Plus la crise se prolonge, plus elle s’aggrave, et plus l’UMP s’enfonce dans le rituel de l’éternel retour. Un scénario obsessionnel qui se répète grosso modo depuis le 6 mai 2012. Grand 1, une catastrophe met en cause l’ancien président de la République. Grand 2, ses amis rapportent ses « confidences » et chantent sa grande sérénité. Grand 3, son come-back est annoncé. En résumé, dès qu’un événement l’éloigne, il fait dire qu’il se rapproche.

L’histoire commence d’ailleurs avec sa défaite. Il a perdu le pouvoir, mais ses partisans expliquent qu’il a gagné au vu de « l’étroitesse du score » : 51,7 à Hollande contre 48,3 à Sarkozy. C’est tellement plus puissant que le 48,2 de Giscard d’Estaing face à Mitterrand ! Des voix réclament pourtant un inventaire du quinquennat, Roselyne Bachelot fait un tabac avec son livre : aussitôt une Association des amis de Nicolas Sarkozy se constitue pour poser un garrot, ou plutôt un bâillon. Sa technique : on fait dire à des canaux médiatiques, sous couvert de confidences exclusives, que « le président » est en pleine forme, qu’il est heureux d’être éloigné des mesquineries du bas-monde politique, qu’il est féroce envers son successeur, qu’il est impitoyable avec ses anciens lieutenants, qu’il est acclamé quand il se rend aux concerts de sa femme, qu’il reçoit à tour de bras, qu’il ne souhaite pas revenir, mais qu’il y consentira si « le devoir » l’y contraint. Ces « cartes postales » sont postées par différents canaux.

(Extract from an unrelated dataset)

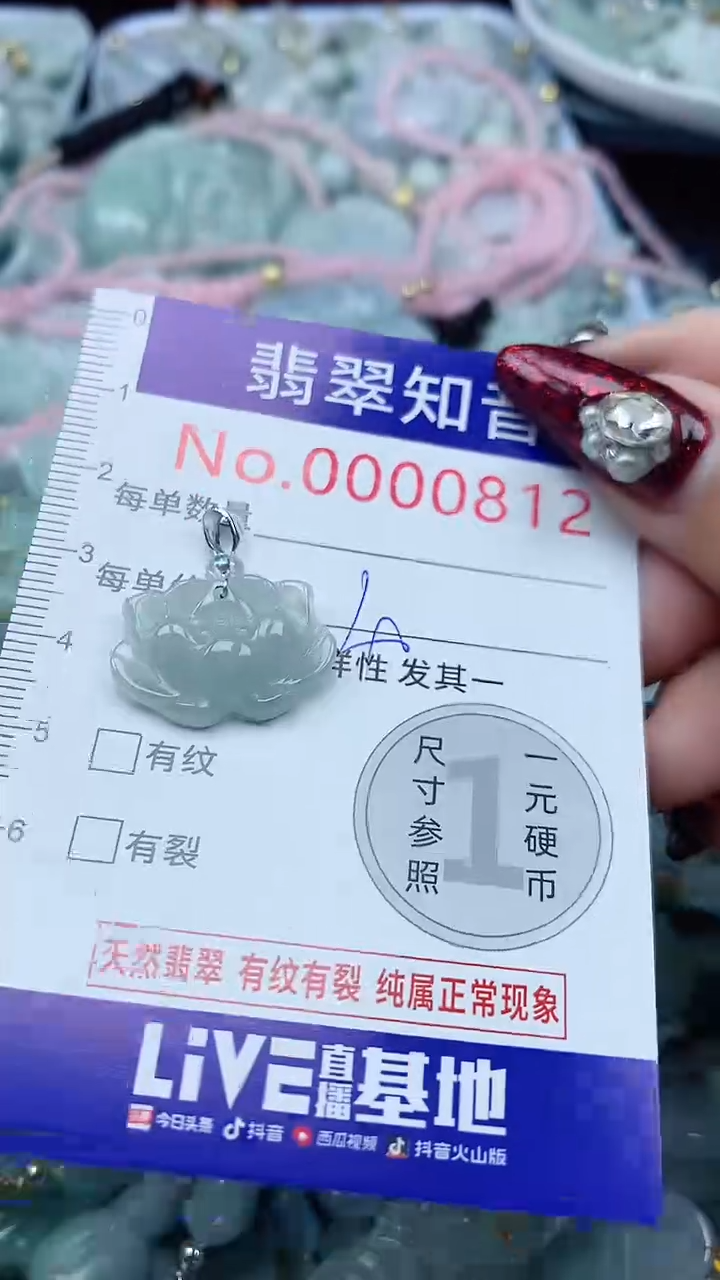 颈饰未镶嵌翡翠812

Le Figaro fait partie des petits télégraphistes, mais Le Parisien aussi, en semaine, et Le Journal du dimanche encore, un week-end sur trois ou quatre.

Nicolas Sarkozy se signale en deux types d’occasion : quand il est éclaboussé par une affaire, ou quand un rival potentiel paraît s’opposer à lui.

Côté scandales, la chronique lui a donné mille occasions d’assurer sa présence, et de faire part de sa forme olympique. Karachi, arbitrage Tapie, écoutes, enregistrements Buisson, rejets de ses comptes de campagne, fausses factures de Bygmalion, la liste est vertigineuse, et la défense est intangible. On dirait un mantra. Comme l’écrivent pieusement ses canaux officieux, il est scandalisé ! Il tombe des nues ! Il n’a cessé de recevoir Tapie mais n’est pas intervenu, il a adoré Buisson mais Buisson l’a trahi, il a été persécuté par le Conseil constitutionnel pour quelques milliers d’euros, mais il est rattrapé par les onze millions de l’affaire Bygmalion. Pour l’occasion, l’ancien président a fait livrer par Brice Hortefeux et Nadine Morano ce commentaire extraordinaire : « Nicolas Sarkozy est très mécontent que son nom soit cité dans cette curieuse affaire. » Il se trouve que « cette curieuse affaire » est tout bonnement sa campagne de 2012 ! Sans doute avons-nous collectivement rêvé. Sarkozy n’a jamais été candidat. D’ailleurs, il n’a pas perdu, il est heureux, il ne veut pas revenir, il donne des conférences, etc.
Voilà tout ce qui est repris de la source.